La fattispecie in esame – come esattamente evidenziato dai giudici del merito – è caratterizzata ad evidenza da difformità esecutive oggettivamente non irrilevanti ed astrattamente idonee a compromettere l’ambiente: sussiste, pertanto, un’effettiva messa in pericolo del paesaggio, oggettivamente insita nella minaccia ad esso portata e valutabile come tale ex ante, nonchè una violazione dell’interesse dalla P.A. ad una corretta informazione preventiva ed all’esercizio di un efficace e sollecito controllo.

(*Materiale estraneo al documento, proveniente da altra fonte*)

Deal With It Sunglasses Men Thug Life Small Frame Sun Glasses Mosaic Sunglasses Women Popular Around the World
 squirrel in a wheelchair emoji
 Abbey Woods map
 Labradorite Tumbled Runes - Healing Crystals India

5. Quanto poi al c.d. "condono paesaggistico" – introdotto dal comma 37 dell’unico articolo della L. n. 308 del 2004 ed applicabile ai reati paesaggistici compiuti entro e non oltre il 30 settembre 2004 – deve rilevarsi che tale disposizione si riferisce genericamente ai "lavori compiuti su beni paesaggistici senza la prescritta autorizzazione o in difformità da essa" ma pone poi la condizione "che le tipologie edilizie realizzate e i materiali utilizzati, anche se diversi da quelli indicati nell’eventuale autorizzazione, rientrino fra quelli previsti e assentiti dagli strumenti di pianificazione paesaggistica, ove vigenti, o, altrimenti, siano giudicati compatibili con il contesto paesaggistico".

Ulteriore condizione è che "che i trasgressori abbiano previamente pagato":

– la sanzione pecuniaria di cui al D.Lgs. n. 42 del 2004, art. 167, maggiorata da un terzo alla metà;

– una sanzione pecuniaria aggiuntiva, determinata, dall’autorità amministrativa competente, tra un minimo di 3.000,00 Euro ed un massimo di 50.000,00 Euro.

La procedura è legislativamente delineata in termini estremamente scarni, in quanto viene previsto soltanto che il proprietario, il possessore o il detentore a qualsiasi titolo dell’immobile o dell’area interessati all’intervento, devono presentare la domanda per l7accertamento della "compatibilità paesaggistica" dei lavori eseguiti all’autorità preposta alla gestione del vincolo e che tale autorità deve pronunciarsi previo parere della Soprintendenza.

La pronuncia favorevole estingue il reato di cui al D.Lgs. n. 42 del 2004, art. 181 (già D.Lgs. n. 490 del 1999, art. 163) e "ogni altro reato in materia paesaggistica".

Nella fattispecie in esame (ove i lavori erano in corso d’opera alla data del 27.10.2007, di gran lunga successiva al termine massimo del 30 settembre 2004) non risulta che la procedura anzidetta sia stata esperita e che siano state pagate le prescritte sanzioni pecuniarie.

6. Le pene, infine, sono state determinate con corretto riferimento ai criteri direttivi di cui all’art. 133 c.p. (entità effettiva dei fatti e loro disvalore sociale).

7. Al rigetto dei ricorsi segue la condanna dei ricorrenti al pagamento delle spese processuali.
P.Q.M.

La Corte Suprema di Cassazione, rigetta i ricorsi e condanna i ricorrenti al pagamento delle spese processuali.

Testo non ufficiale. La sola stampa del bollettino ufficiale ha carattere legale.